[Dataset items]
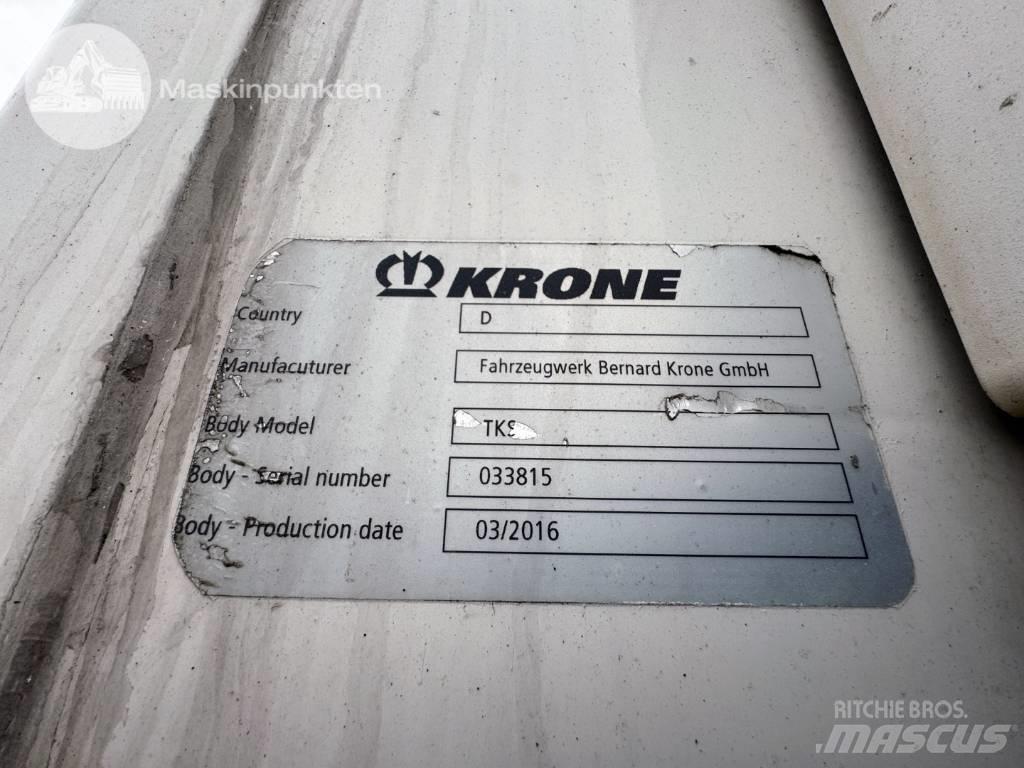 Krone SD Temperature controlled semi-trailers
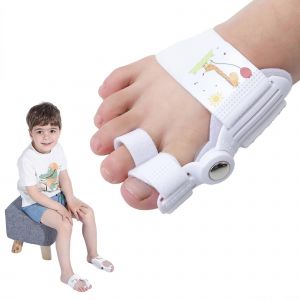 Oignon Correcteur Pour Les Enfants - Réglable De Silicone D'oignon Attelle Orthopédique De L'orteil De Redresseur De Confort Et De Soutien - Neuf
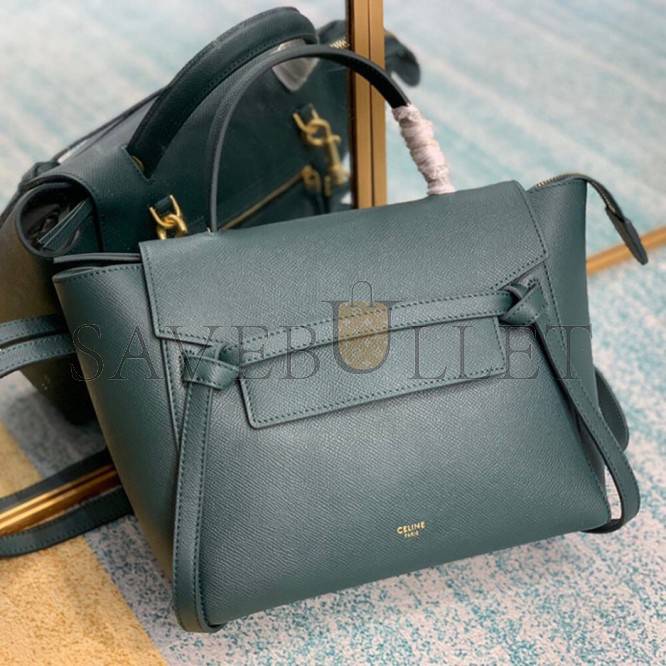 CELINE MICRO BELT BAG 189153ZVA.31AN (24cm*20cm*13cm) CELINE MICRO BELT BAG 189153ZVA.31AN (24cm*20cm*13cm)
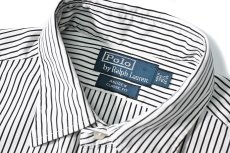 画像4: 90-00s Used Polo Ralph Lauren Stripe Shirt "Andrew" (4)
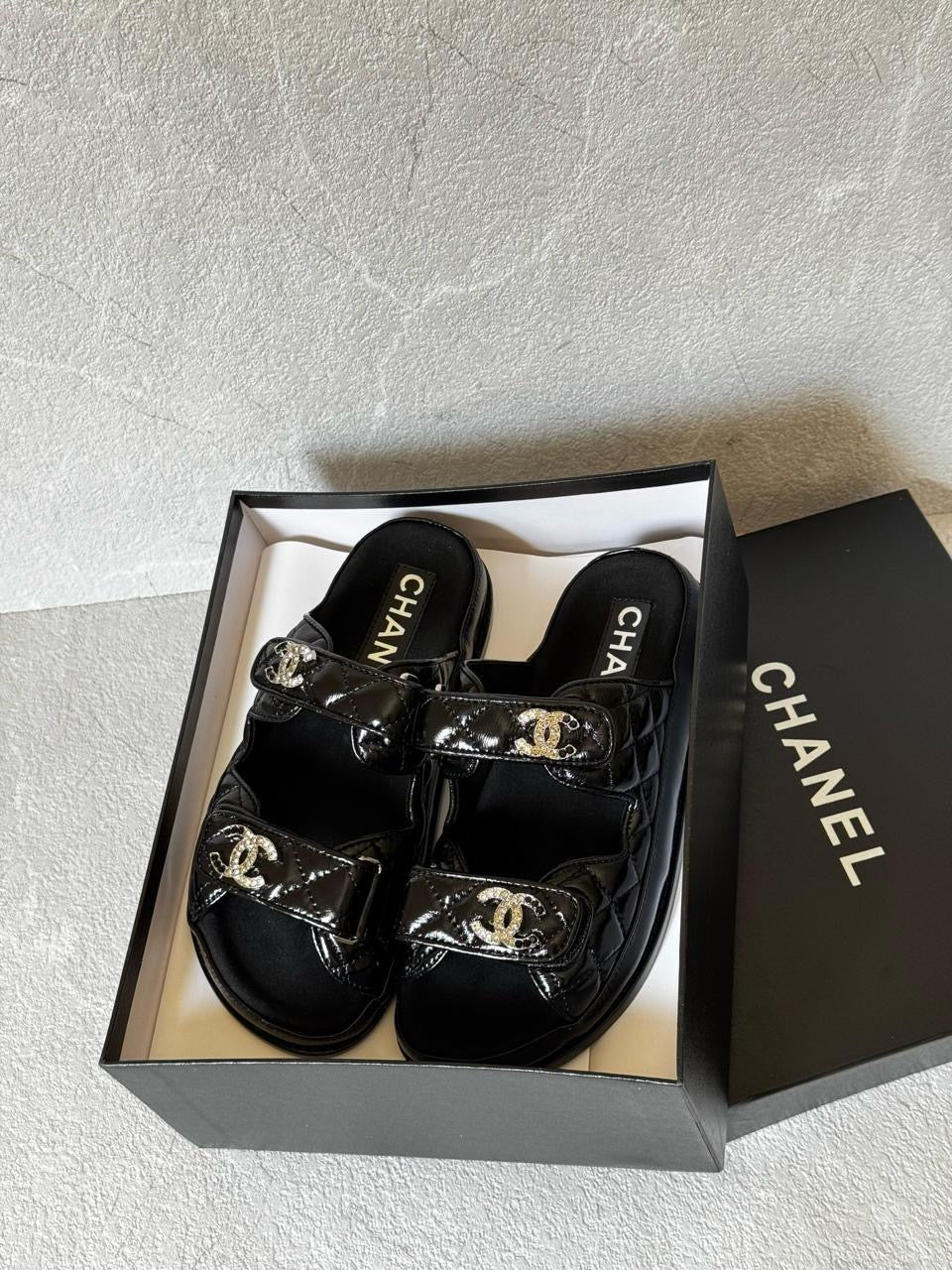 Chanel Slippers 3 colors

PROBLEM DESCRIPTION:
Output exactly the lines from the line with "CELINE MICRO BELT BAG 189153ZVA.31AN (24cm*20cm*13cm) CELINE" to the last line of the records, including both, and leave every picture out.

OUTPUT OF THE EXERCISE:
 CELINE MICRO BELT BAG 189153ZVA.31AN (24cm*20cm*13cm) CELINE MICRO BELT BAG 189153ZVA.31AN (24cm*20cm*13cm)
 画像4: 90-00s Used Polo Ralph Lauren Stripe Shirt "Andrew" (4)
 Chanel Slippers 3 colors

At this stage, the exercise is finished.